**Data**.
---

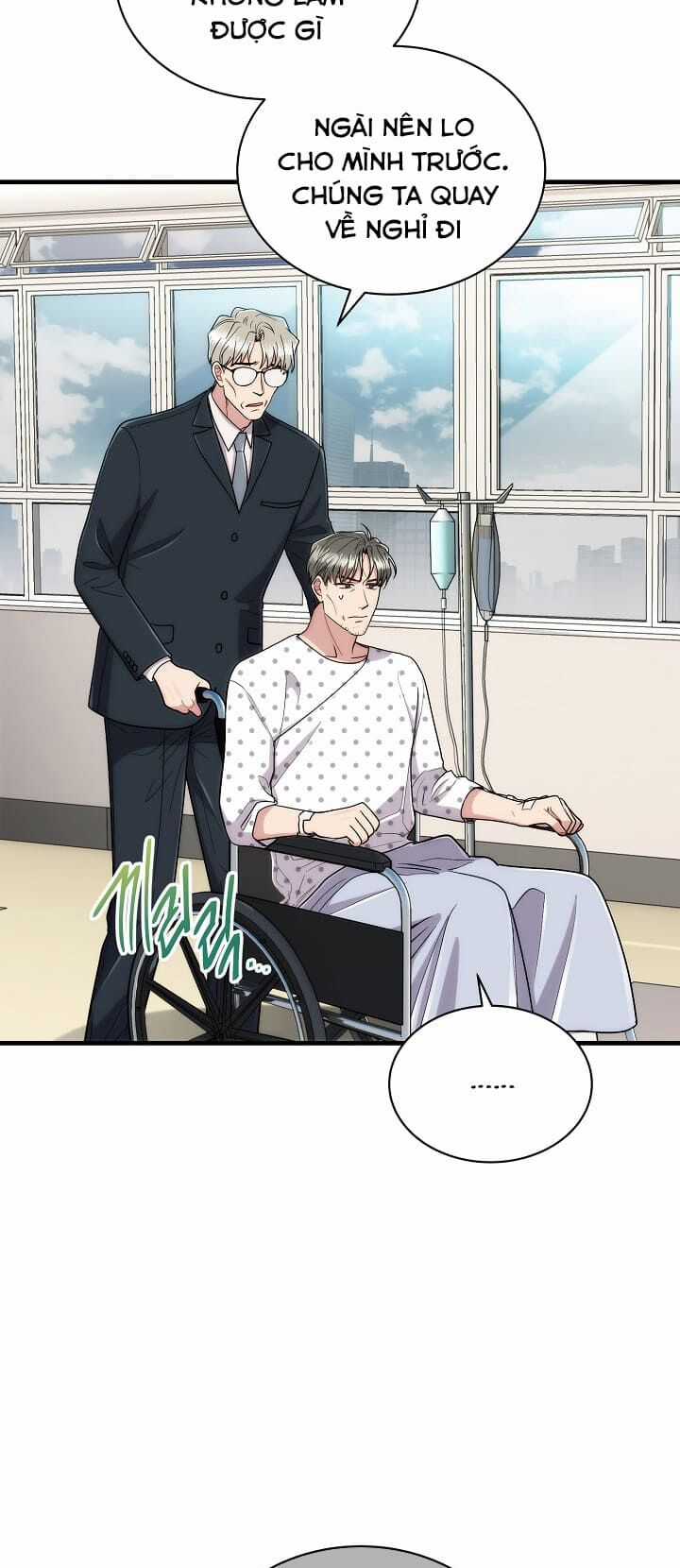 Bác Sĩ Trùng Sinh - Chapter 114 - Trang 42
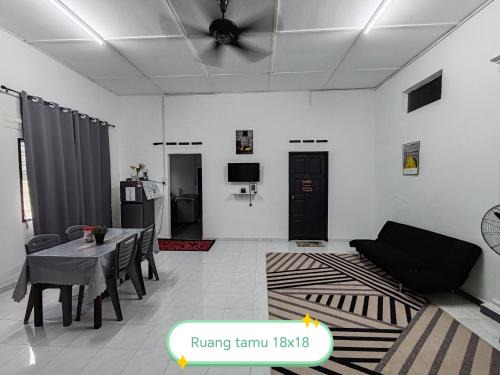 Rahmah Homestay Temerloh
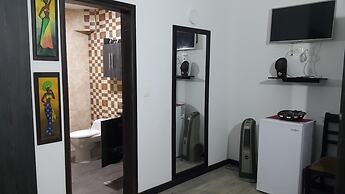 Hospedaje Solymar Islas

---

**Task item**.
Word for word, restate every line of the listing, omitting the pictures.

**Solution for this exercise**.
 Bác Sĩ Trùng Sinh - Chapter 114 - Trang 42
 Rahmah Homestay Temerloh
 Hospedaje Solymar Islas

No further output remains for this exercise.